Issa DA SILVA SIKITI
« On ne sait pas d’où est venu cet homme. On s’est réveillé un bon matin et on l’a vu étendu sur ce pavement, et depuis lors il n’a plus bougé. Il n’est pas d’ici, je crois qu’il est un nordiste. Il pisse par-ci par-là et tousse trop, vomissant des crachats çà et là. On s’inquiète pour notre sécurité car il pourrait être un terroriste qui s’est déguisé en un SDF (sans domicile fixe). Si l’État avait créé des conditions favorables pour développer les milieux ruraux, tous ces gens qui dorment par-ci par-là ne seraient pas venus à Cotonou », se plaint Timothée.
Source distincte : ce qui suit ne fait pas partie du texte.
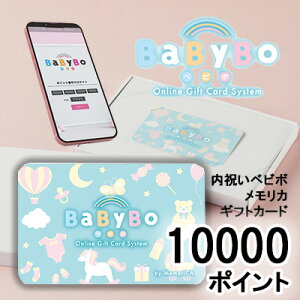 yllw\zJ^OMtg j xr{ J 10000|Cg (PB10000) MemoriCA JJ[h  36371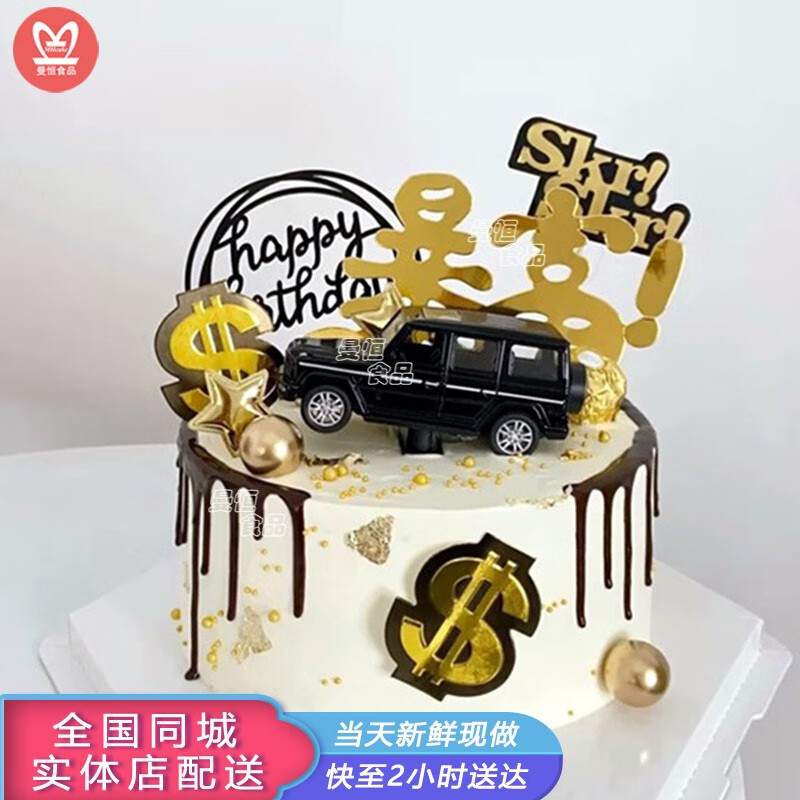 跑车新鲜水果生日蛋糕全国同城配送送爸爸老公男朋友 a款男士跑车蛋糕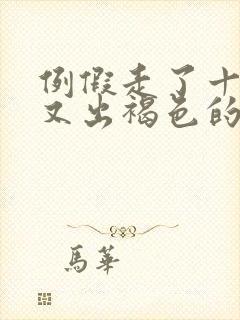 例假走了十多天又出褐色的血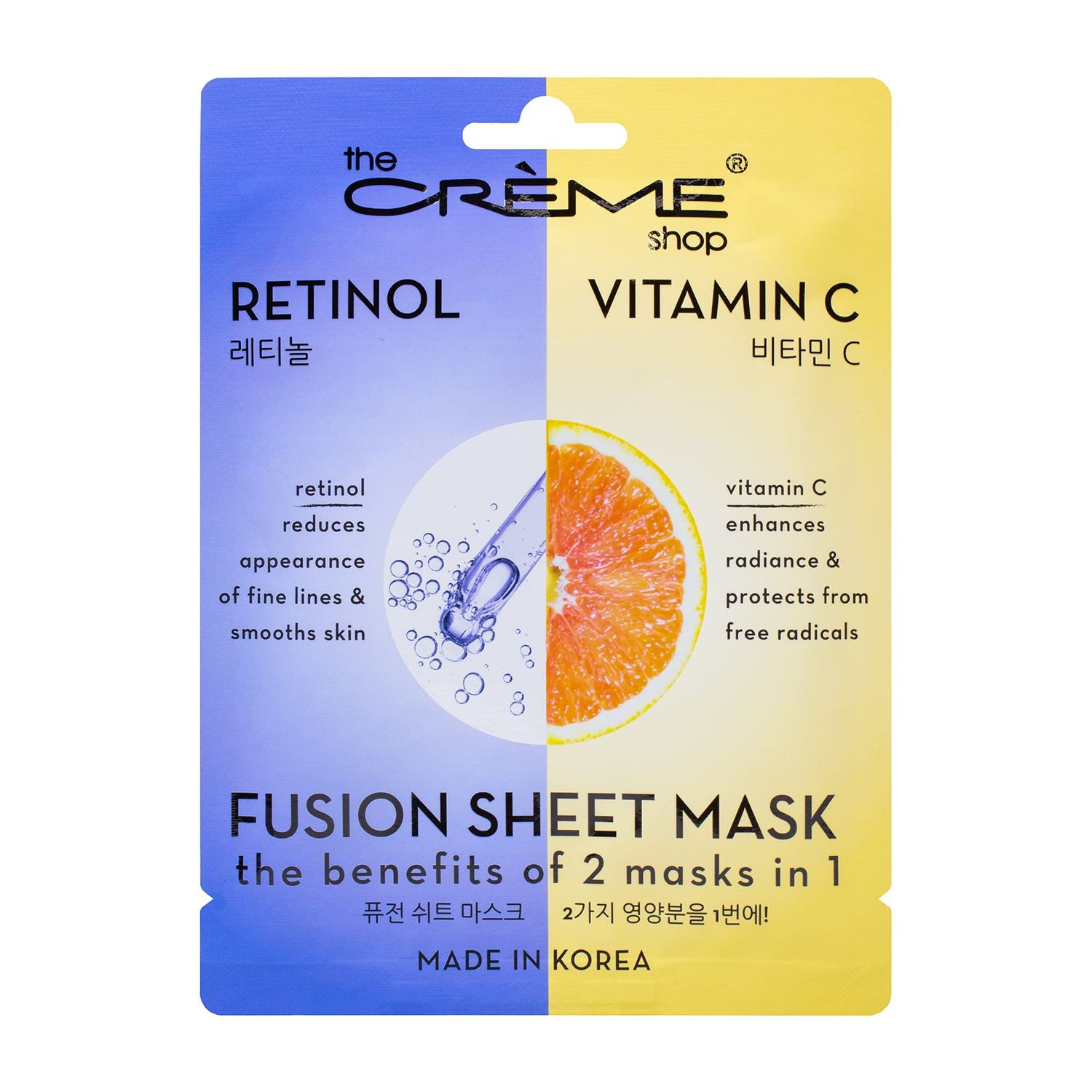 The Cr me Shop Retinol Vitamin C Fusion Sheet Mask, Korean Sheet Mask, Anti-Aging Face Mask Brightens and Plumps Skin, Vitamin C Sheet Mask with Hyaluronic Acid and Retinol (5 Pack)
Paul, un zémidjan de Cotonou, déclare que les affaires ne marchent plus à cause des « zems » de l’intérieur qui sont venus nombreux s’installer dans la capitale économique. « Ils transportent les clients à n’importe quel prix, juste pour se faire du pognon. C’est déplorable. La majorité dort dehors car ils n’ont pas de maison ici ».
Dans une autre partie de la ville, Abou pointe un site où une femme et ses enfants avaient érigé une sorte de « tente » le long d’une artère principale. « Tous les quatre dormaient ici mais je ne les vois plus ces derniers temps. Peut-être, ils ont dû changer de place à cause des pluies diluviennes qui s’abattent dernièrement sur la ville. Cotonou est inondée par des SDF, ils sont devenus nombreux ces derniers temps. Les gens dorment et mendient partout. C’est le chaos total. L’environnement se dégrade à grande vitesse et la ville se meurt à petit feu, il faut que l’État prenne ses responsabilités ».
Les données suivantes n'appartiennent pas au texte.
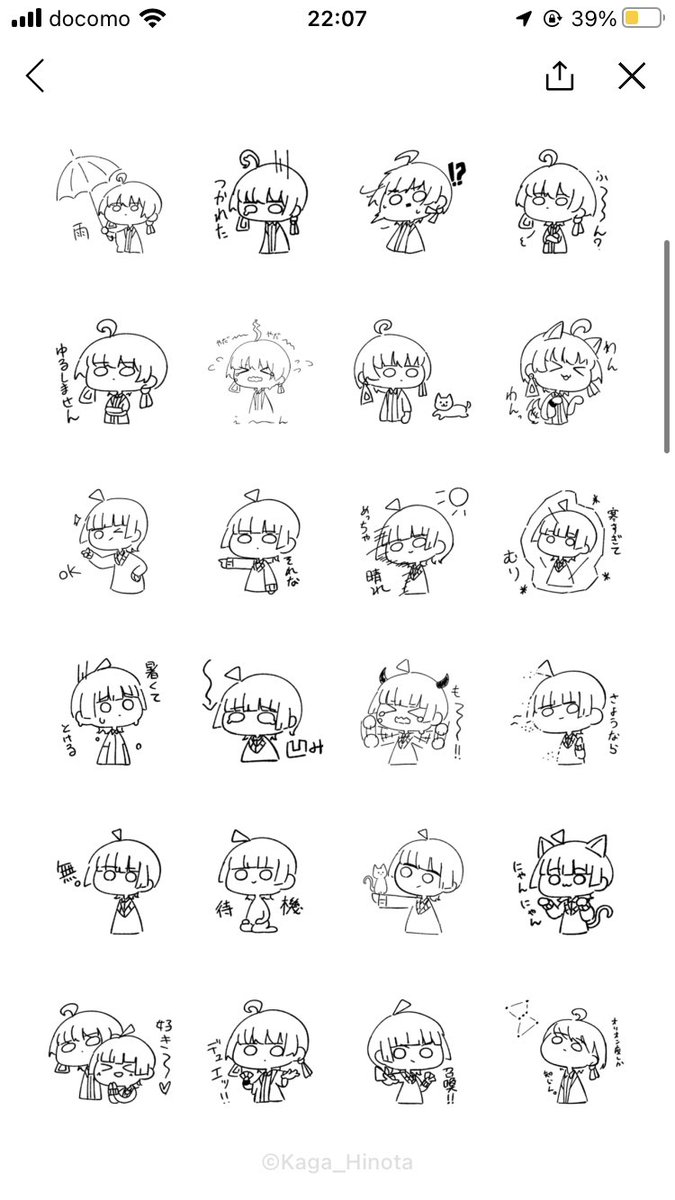 新しいLINEスタンプ出しました
手抜き作画です
よろしくお願いします
 #LINE 
 #LINEスタンプ 

[ひのたとしずかの線だけスタンプ]
https://t.co/dSyBX5xS9q 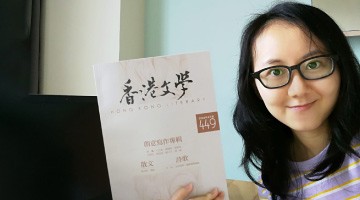 Creative writing graduate’s final year project gets published in Hong Kong Literary
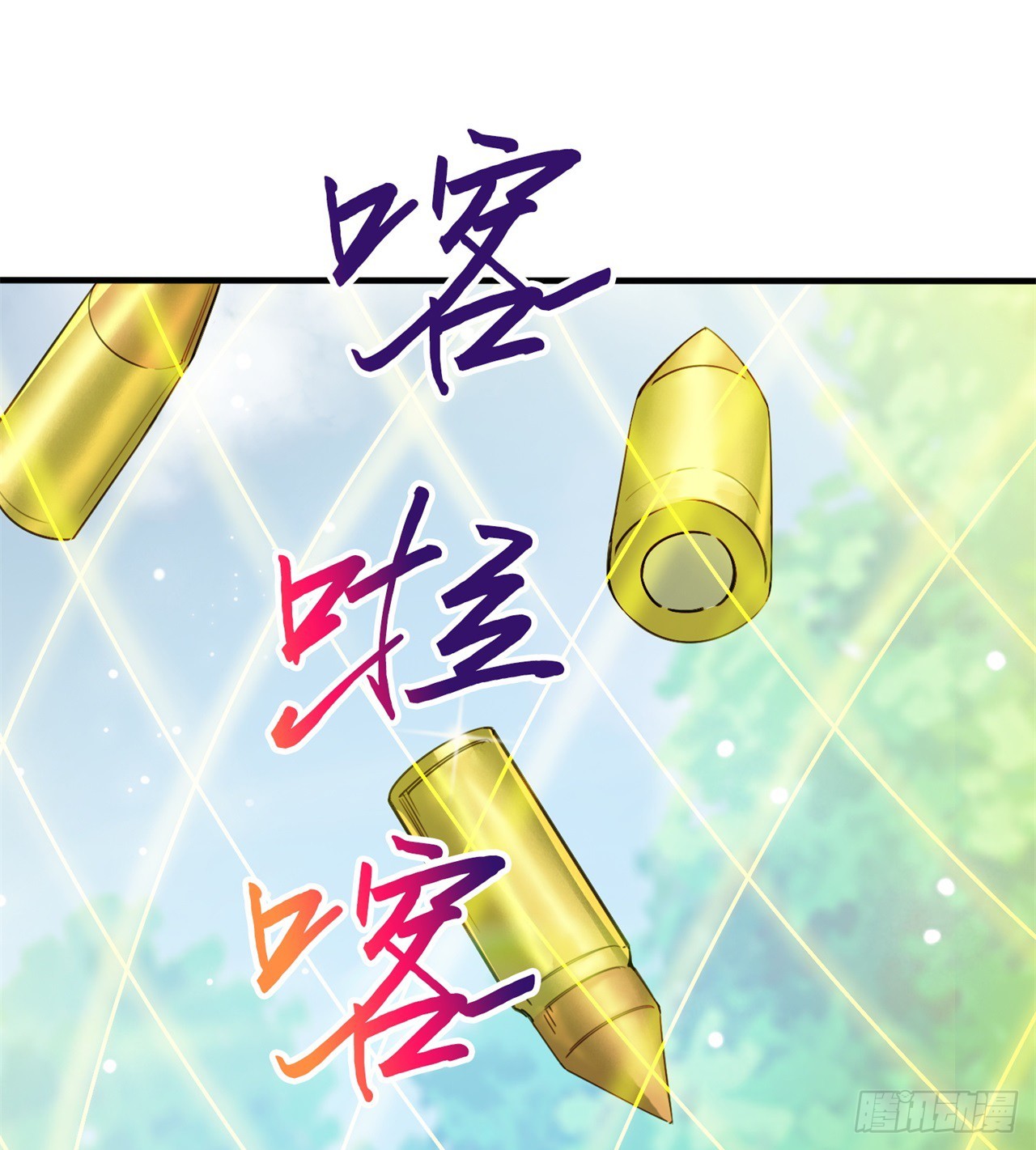 幻想类能力(1/2)-第64话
Défis liés à l’urbanisation
A en croire un expert en urbanisation et démographie, Eduardo Lopez Moreno, la difficulté est que la plupart des grandes villes des pays en développement ne sont pas prêtes à relever les défis liés à l’urbanisation. « Elles ne génèrent pas de structures urbaines fonctionnelles pour répondre aux problèmes de gestion et de planification de cet environnement. Leurs actions sont rarement pensées dans le cadre d’un système unifié », souligne-t-il dans une analyse publiée sur Constructif.fr.
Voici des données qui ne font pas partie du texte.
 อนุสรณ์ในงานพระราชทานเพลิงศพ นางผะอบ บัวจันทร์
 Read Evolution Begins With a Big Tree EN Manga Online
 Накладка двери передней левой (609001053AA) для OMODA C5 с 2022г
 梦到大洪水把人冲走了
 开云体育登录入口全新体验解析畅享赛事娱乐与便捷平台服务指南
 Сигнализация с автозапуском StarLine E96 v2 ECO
Selon le site ZenApi, l’urbanisation non contrôlée entraîne, entre autres, la prolifération des bidonvilles. « L’insuffisance de logements abordables et adaptés entraîne une augmentation du nombre de bidonvilles, où les conditions de vie sont souvent précaires et insalubres. Ces zones présentent des risques pour la santé et la sécurité des habitants, ainsi que pour l’environnement en raison du manque d’infrastructures adéquates telles que l’assainissement ou la gestion des déchets ». Et d’ajouter : « Elle exerce une pression considérable sur les infrastructures existantes comme les réseaux routiers (embouteillages monstres), l’eau potable, l’assainissement et les équipements publics. Elle provoque aussi la pollution de l’air, de l’eau et des sols, et génère les inégalités sociales et économiques ».